I racked my brain for days about a story good enough for people to believe. I was stuck and needed an extra push to get my creative blood going. Then one night I remembered a film that was all about a group of obnoxious foul-mouthed salesmen. It was a movie I’d seen years ago in a theater class, Glengarry Glen Ross.


At first I wasn’t sure how this movie would help me write a story. However, I felt like I needed to discover something this movie had to say. So I deconstructed the film the best I could, searching for anything to help me figure out how these guys were so believable. After watching and re-watching, and re-watching I still couldn’t find anything that revealed their secret. However, there was one scene in the film that kept bugging me like an unpopable pimple.


The scene is in the final minutes of the film when Jack Lemmon’s character, Shelly “The Machine” Levine, is trying to say something to Al Pacino’s character, Ricky Roma, in their office. Shelly is being called into a room to talk to a cop about a robbery he just committed, and while Roma is complimenting him about his salesman skills, the cop hassles Shelly even more so, demanding he get inside the room for interrogation. The distracted Roma gets on the phone, and Shelly gets up to go inside the office with the cop. Shelly struggles to say one last thing to Roma, but Roma is on the phone, trying to close a deal and totally oblivious of what Shelly has done. Shelly then walks in the office with the cop, unable to say a final word to Roma.


I started to wonder if I had had any moments in my life where I was left speechless. The type of moment where something needed to be said, but never was. No matter how many hours I spent recalling my past, there was nothing I could use to help me understand the scene. These instances are pretty rare to begin with and like I said I’m pretty shy, so any kind of intense confrontation never came my way. I was just your average college kid trying to get a degree in English. I didn’t know that the moment I was searching for was just ahead of me.


I was taking a fiction writing class, and in this course, my teacher made us write in a journal. We had to keep a “Journal of Epiphanies.” By epiphanies I mean the kind that James Joyce talked about. Basically writing about a certain gesture, fragment of a conversation, mundane objects, or even a phrase that makes no sense at all.

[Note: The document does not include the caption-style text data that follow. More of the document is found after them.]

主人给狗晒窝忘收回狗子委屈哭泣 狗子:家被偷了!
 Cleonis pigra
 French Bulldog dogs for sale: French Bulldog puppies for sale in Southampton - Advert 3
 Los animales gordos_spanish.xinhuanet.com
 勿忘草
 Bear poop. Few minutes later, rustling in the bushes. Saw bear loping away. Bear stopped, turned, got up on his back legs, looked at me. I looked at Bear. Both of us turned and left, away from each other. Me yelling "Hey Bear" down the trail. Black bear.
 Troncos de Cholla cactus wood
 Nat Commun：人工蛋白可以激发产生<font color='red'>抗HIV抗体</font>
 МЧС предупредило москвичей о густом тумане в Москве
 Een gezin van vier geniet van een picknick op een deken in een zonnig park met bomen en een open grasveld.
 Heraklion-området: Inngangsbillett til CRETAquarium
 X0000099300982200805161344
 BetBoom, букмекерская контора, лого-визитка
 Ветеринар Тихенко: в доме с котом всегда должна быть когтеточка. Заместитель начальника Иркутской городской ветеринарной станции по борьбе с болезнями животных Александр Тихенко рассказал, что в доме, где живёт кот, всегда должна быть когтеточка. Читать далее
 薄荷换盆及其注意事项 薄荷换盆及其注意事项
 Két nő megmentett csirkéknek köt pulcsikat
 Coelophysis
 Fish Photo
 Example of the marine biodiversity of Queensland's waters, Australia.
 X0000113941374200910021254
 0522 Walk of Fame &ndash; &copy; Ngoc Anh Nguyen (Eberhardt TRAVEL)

But each is recorded with “extreme care.” The idea being to bring to life something that people don’t normally see as having life. The whole idea is confusing, and probably even more so because I just butchered the definition.


Anyway, we had to keep a journal of these damn things. So I would try to write my entries the best I could. I wrote about anything that came to mind. I’d write about a tree in my back yard, a conversation I heard from some random guy, a chair. Some entries were from a song or a quote. Some were long some were short. I tried to mix it up and write as much as I could but there were only so many things I could write about. I knew I was running out of ideas when one of my last entries was about a sandwich. One night I came to a point where I just couldn’t find anything worth putting down on paper. My brain was so fried you could’ve put it on a stick and sold it at a county fair. I flipped through my journal and noticed one entry where I talked about famous murder scenes—one being the scene in Tarantino’s Death Proof where the stuntman Mike kills a carful of girls with his own Chevy Nova. It reminded me about my friend’s story that had me so hooked. It was about a car crash he’d seen on his way to work. He kept saying how unreal it was, cars rolling over each other and busting through dividers on the freeway. His gestures were so great because he would show how each car would crash by using his hands. His hand would roll when a car rolled, or flip over when a car flipped. To show the part where the car went through the divider, he used one hand and smashed it into the other like a hard punch from a boxer. And of course he even threw in obnoxious sound effects with each crash. In the end he said it was “Like something out of The Fast and the Furious.” I’d never seen anything quite that spectacular while I was driving. But his story reminded me of something I had seen a few years ago that was equally shocking: A dead body on the freeway.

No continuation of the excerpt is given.